Personal information
- Full name: William Hughes
- Date of birth: 7 July 1909
- Place of birth: Winchburgh, Scotland
- Date of death: 1 January 1996 (aged 86)
- Place of death: Bellshill, Scotland
- Height: 5 ft 10 in (1.78 m)
- Position(s): Outside left; Left half;

Senior career*
- Years: Team / Apps / (Gls)
- –: Bellstane Birds
- 1927–1929: Bathgate / 69 / (10)
- 1929–1936: Celtic / 94 / (12)
- 1929: → Ayr United (loan)
- 1936–1948: Clyde / 57 / (3)
- 1938: → Bo'ness (loan)
- 1938–1941: Arbroath / 19 / (4)
- Total:  / 244 / (34)

= Willie Hughes (footballer) =

Scottish footballer (1909–196)

William Hughes (7 July 1909 – 1 January 1996) was a Scottish footballer who played mainly as an outside left, although he was a versatile player who could operate in several positions.

His longest spell was with Celtic where he made over 100 appearances in all competitions and spent seven seasons but was a regular starter only in one (1933–34), otherwise being seen as a squad member who could fill in for several roles. He was not selected for the club's two Scottish Cup finals during the period in 1931 and 1933 despite playing in earlier rounds, and only made four appearances when they won the Scottish Football League in 1935–36, so it is unlikely that he received a winner's medal from a major competition.

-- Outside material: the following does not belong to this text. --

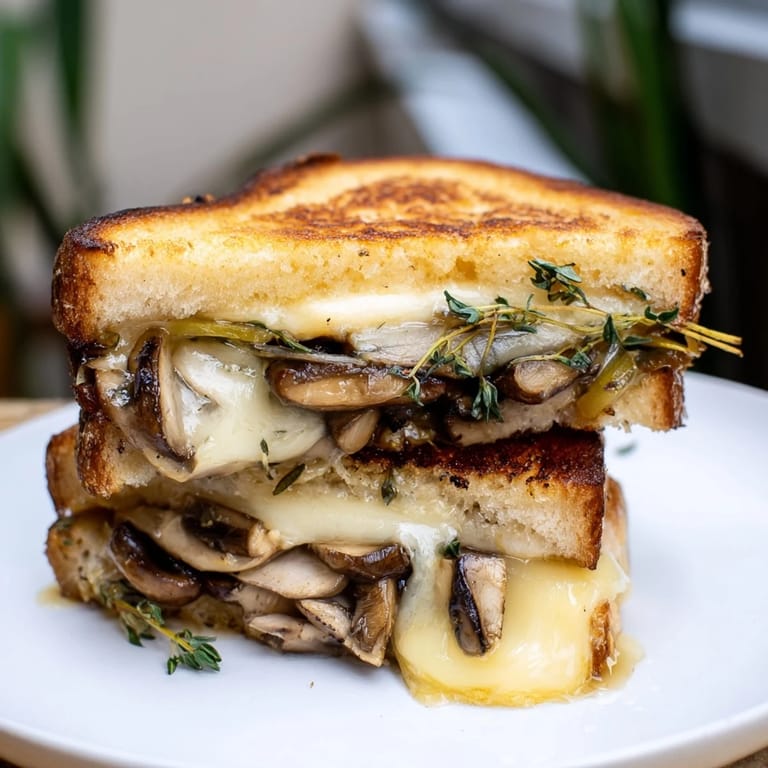 A close-up shot of a savory Roast Garlic Mushroom & Thyme Grilled Cheese, sliced and ready to serve.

He began his league career with Bathgate, departing when the club went defunct, and after leaving Celtic played for Clyde and Arbroath, in a more defensive role than in his early career. During World War II he featured for Hamilton Academical, later joining the club's coaching staff.

Originally from West Lothian, Hughes settled in Blantyre, South Lanarkshire; his first marriage was to Bridie Kelly, daughter of James Kelly and sister of Bob Kelly, both of whom served as chairman of Celtic.